Dans la revue Junior n°99 de janvier 1952, Jehan Dotreval dédie en fervent hommage sa nouvelle le preux troubadour (expédition du roi Pierre III d’Aragon à Collo en 1282) à plusieurs personnes dont « M. BOULSANE, fils des glorieux guerriers de Collo, Délégué à l’Assemblée algérienne. »

J’ai voulu en savoir plus …

D’après le site de l’assemblée nationale (notices biographiques) complété avec le site vitaminedz.com

Mohamed BOULSANE est né le 1er janvier 1908 à Collo

Il fait des études jusqu’au baccalauréat.

Agriculteur exploitant forestier dans le douar Ouled Djamma, aux alentours de sa ville natale.

Il se marie en 1937 avec Fatma Hadibi, qui lui donnera sept enfants. (On trouve un Hadibi à Collo en 1900)

Il entre en politique après la guerre, d’abord comme délégué à l’Assemblée algérienne en 1949, puis comme conseiller général de Collo en 1955.

Il est également membre du Conseil d’agriculture de Philippeville et de la Commission du Port de Collo.

Il se présente aux élections du 30 novembre 1958 sur une liste d’« Union pour la Paix et le Programme de Constantine » où figurent également Mohamed Bedredine, Léopold Morel et Mohamed Barboucha : cette liste, comme sa dénomination l’indique, entend s’appuyer sur les promesses de modernisation économique et sociale de l’Algérie contenue dans le Plan de Constantine adopté en 1958.

La liste « Union pour la Paix » de Mohamed Boulsane l’emporte, malgré 40% d’abstentions, avec 63 924 voix contre 56 221 à la liste « Algérie française » où figurent Suzanne Roquette, Saïd Barci, Saad Arioua et Ibrahim Temmim.

Proclamé député le 9 décembre 1958, Mohamed Boulsane appartient à la Formation des élus d’Algérie et du Sahara jusqu’en juillet 1959.

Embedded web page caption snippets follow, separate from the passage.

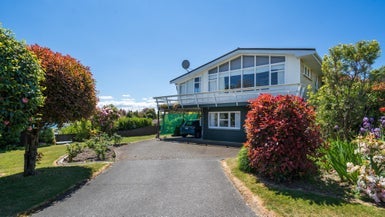 14 Hinerau Grove, Waipahihi, Taupo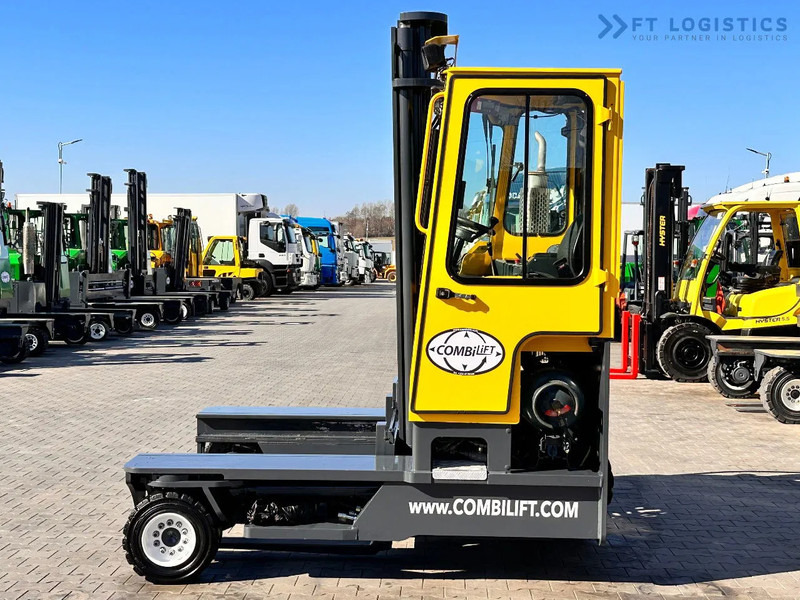 Combilift C4000 / LPG / DUPLEX / 4100MM / SCALE / SIDE SHIFT / LIKE NEW C4000 / LPG / DUPLEX / 4100MM / SCALE / SIDE SHIFT / LIKE NEW - 4-suunaline lükandmastiga tõstuk: pilt 2 Combilift C4000 / LPG / DUPLEX / 4100MM / SCALE / SIDE SHIFT / LIKE NEW C4000 / LPG / DUPLEX / 4100MM / SCALE / SIDE SHIFT / LIKE NEW - 4-suunaline lükandmastiga tõstuk: pilt 2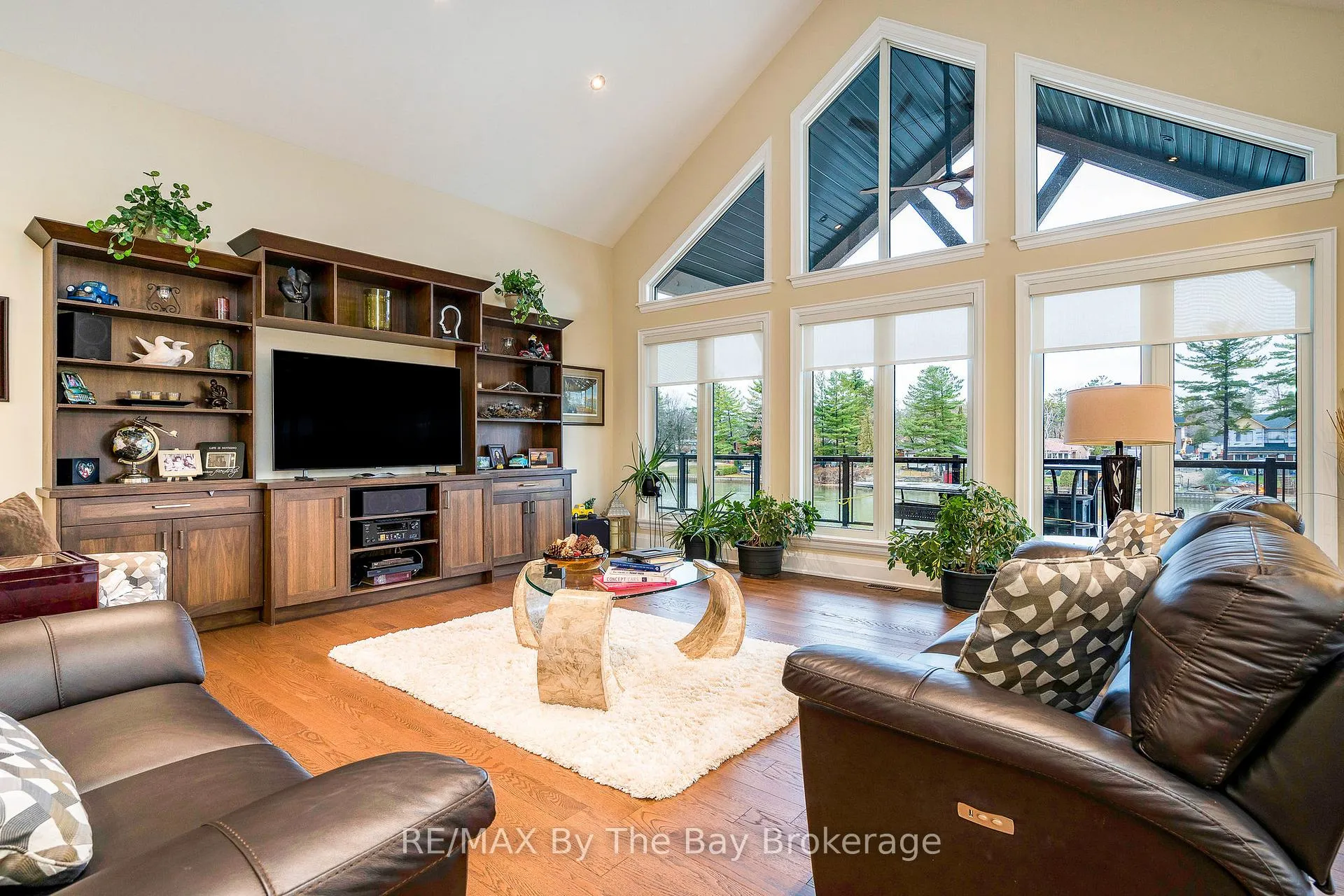 Photo 7 of 18 Edgewater Road, Wasaga Beach — HOMEH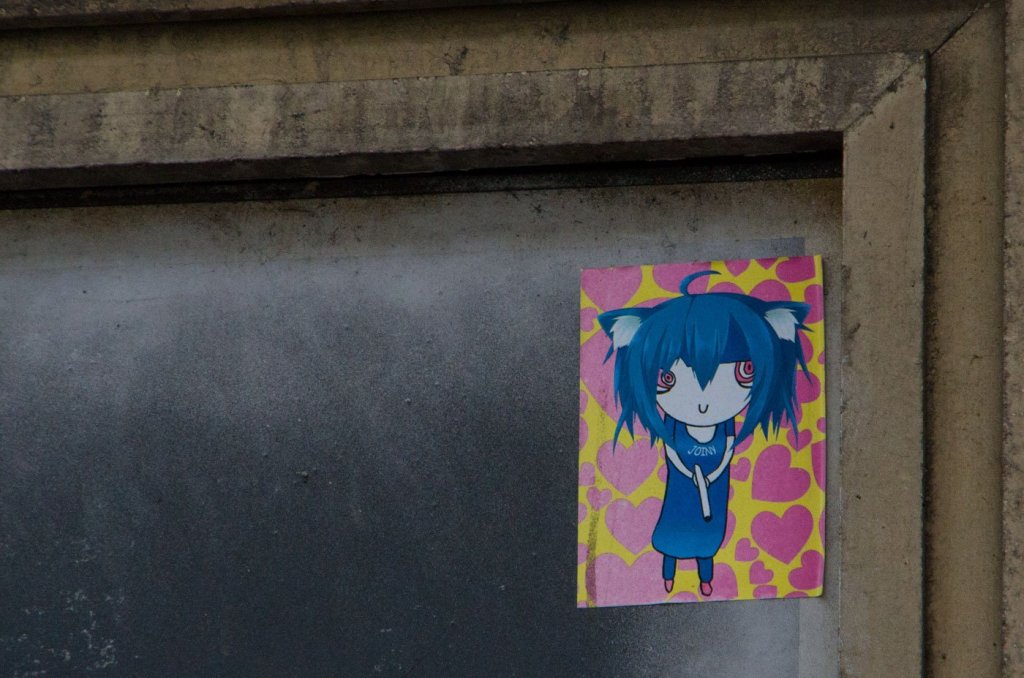 Süßes Paste-Up mit Herzchen von Join. Beim zweiten Hinsehen nicht ganz so süß: das Mädel ist komplett verstrahlt und trägt ne Knarre. Dircksenstraße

Lorsqu’à cette date, celui-ci devient le groupe Unité de la République, Mohamed Boulsane le quitte pour s’apparenter à l’Entente Démocratique le 6 octobre 1959, un groupe d’une trentaine de députés modérés.

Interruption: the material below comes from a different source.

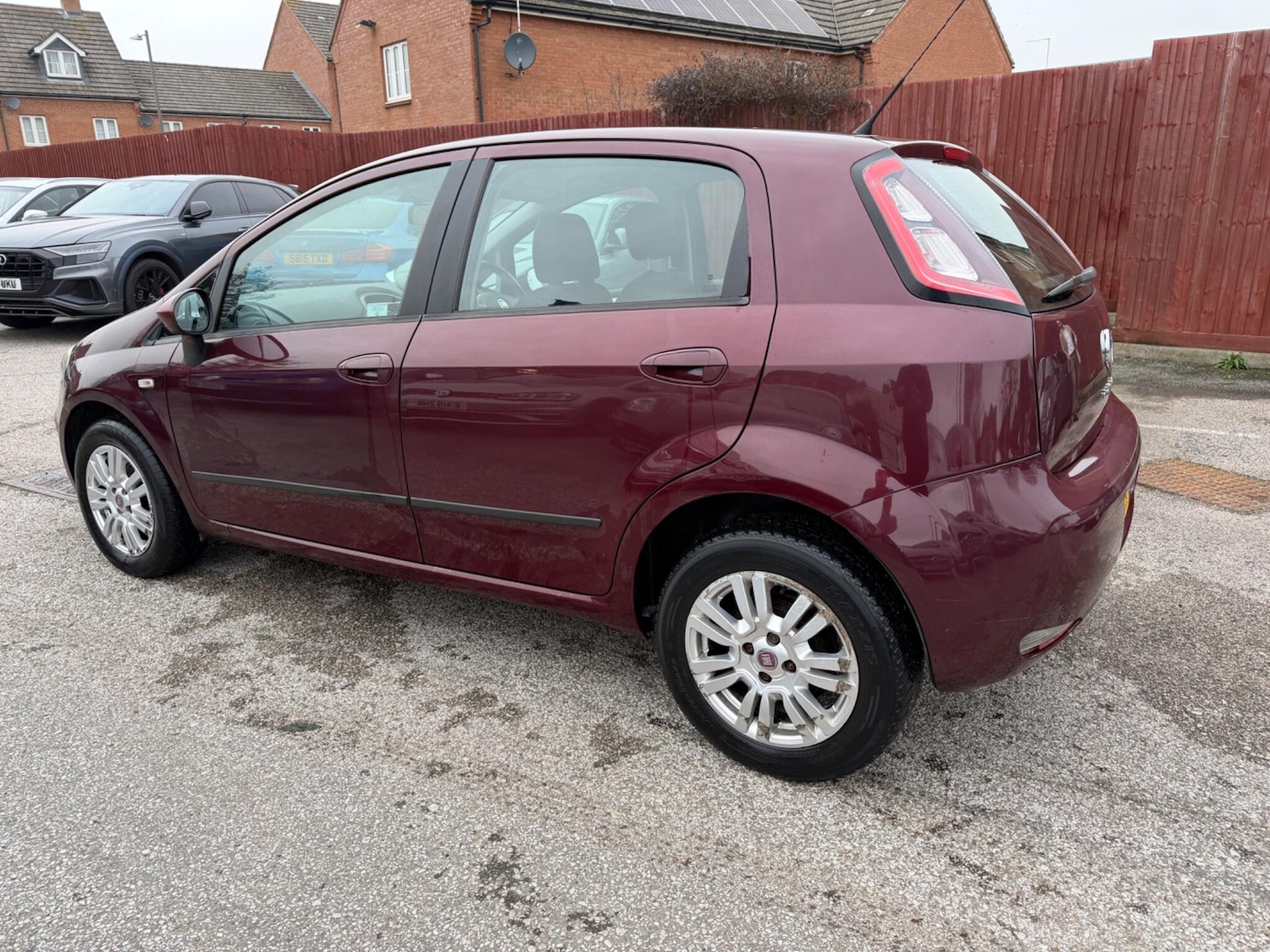 Used Fiat Punto 2012 for sale - 77327286: Photo 22
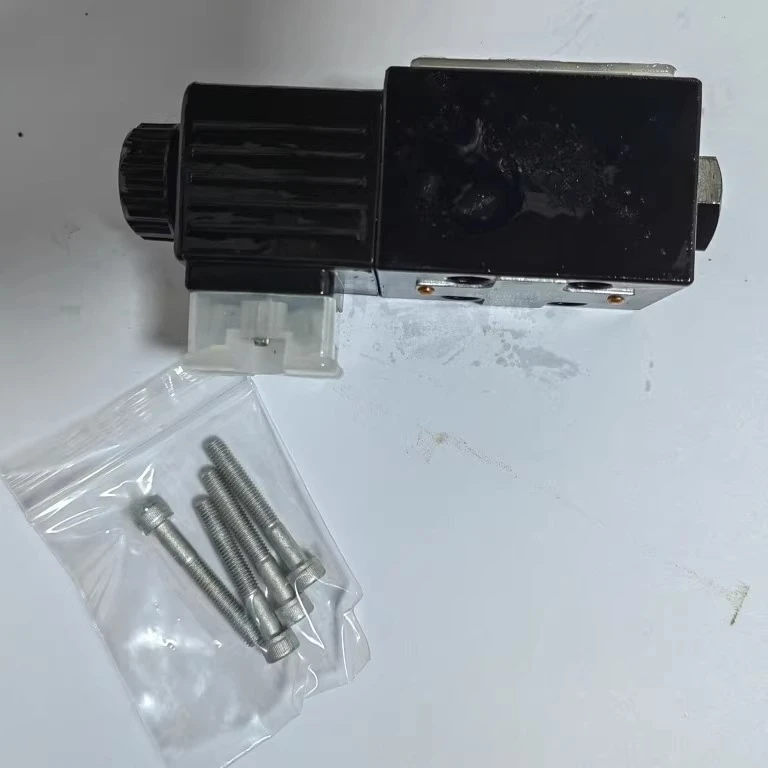 for XCMGs Crane 25k5 xct25 Big Arm Switching Solenoid Valve 4WE4D Original Solenoid Valve 345 Switching Valve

Pendant son mandat, Mohamed Boulsane appartient successivement à la Commission des finances, de l’économie générale et du plan de janvier à octobre 1959. Il entre alors à la Commission des affaires étrangères, jusqu’en juillet 1961, puis à la Commission de la défense nationale jusqu’à la fin de son mandat en juillet 1962. Il est par ailleurs membre de la Commission supérieure de classement des recettes buralistes (20 juin 1959) et secrétaire de l’Assemblée nationale du 4 octobre 1960 au 4 juillet 1961.

Il intervient peu à la Chambre : on ne l’entend à vrai dire que le 15 décembre 1959, date à laquelle il dépose un amendement lors de la discussion du projet de loi sur la promotion sociale en Algérie.

Ses votes reflètent une attitude de soutien modéré à la politique gaulliste.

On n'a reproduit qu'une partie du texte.